O modelo construído no Capítulo anterior estabelece um importante efeito do câmbio real sobre a taxa de crescimento de longo prazo da economia. Este efeito decorre da relação entre a taxa de câmbio e a elasticidade-renda da demanda pela produção nacional (refletida no padrão de especialização). Não se supõe, contudo, que a taxa de câmbio possa ter influência sobre a determinação da elasticidade-renda da demanda de um bem ou setor produtivo, as quais são mantidas exógenas (é mais plausível aceitar que as elasticidades setoriais são determinadas por características da sua demanda e aspectos qualitativos dos bens). Antes, assume-se que o câmbio real, através dos seus efeitos distributivos, promove uma reorientação setorial dos investimentos, o que deve alterar a participação dos setores tanto na estrutura produtiva quanto no padrão de especialização do país. Sendo válido o efeito composição, a elasticidade total será o somatório das elasticidades setoriais (exógenas) ponderadas por sua participação na pauta comercial (determinada pela taxa de câmbio) do país. Há, no entanto, respaldo empírico para esta construção? Vale dizer, a taxa de câmbio real é realmente capaz de promover a mudança estrutural?
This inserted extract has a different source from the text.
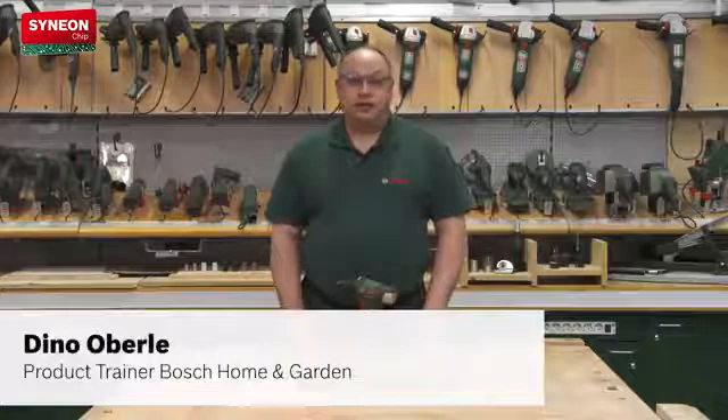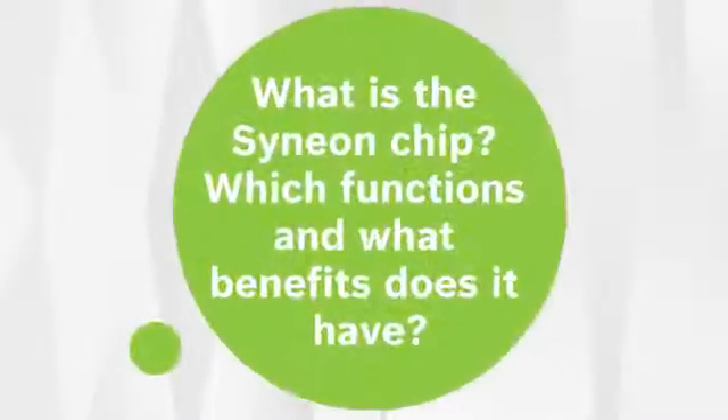Welcome to Bosch Helps. We receive a lot of questions about our Cineon chip — what is the Cineon chip, and which functions and benefits does it have?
Mais que isso, conforme aventado anteriormente, seria o câmbio real capaz de promover a migração dos fatores produtivos rumo a setores mais dinâmicos (de maior elasticidade-renda da demanda), alterando o padrão de especialização destas economias e relaxando a restrição externa sobre seu crescimento?

Estas são algumas das perguntas centrais deste trabalho. Enquanto este Capítulo procura formular o problema metodologicamente, os seguintes fazem aplicações empíricas e discutem seus resultados. Especificamente, tendo em vista a teoria desenvolvida nos Capítulos anteriores, busca-se aqui construir um modelo

empírico para a estimação da relação entre o câmbio real e a estrutura produtiva, convalidando diferentes estratégias de mensuração e validação dos resultados. Procura-se assim contribuir para a elucidação deste controverso ponto da literatura econômica, fornecendo importantes subsídios para o correto entendimento do papel do câmbio real para o desenvolvimento econômico.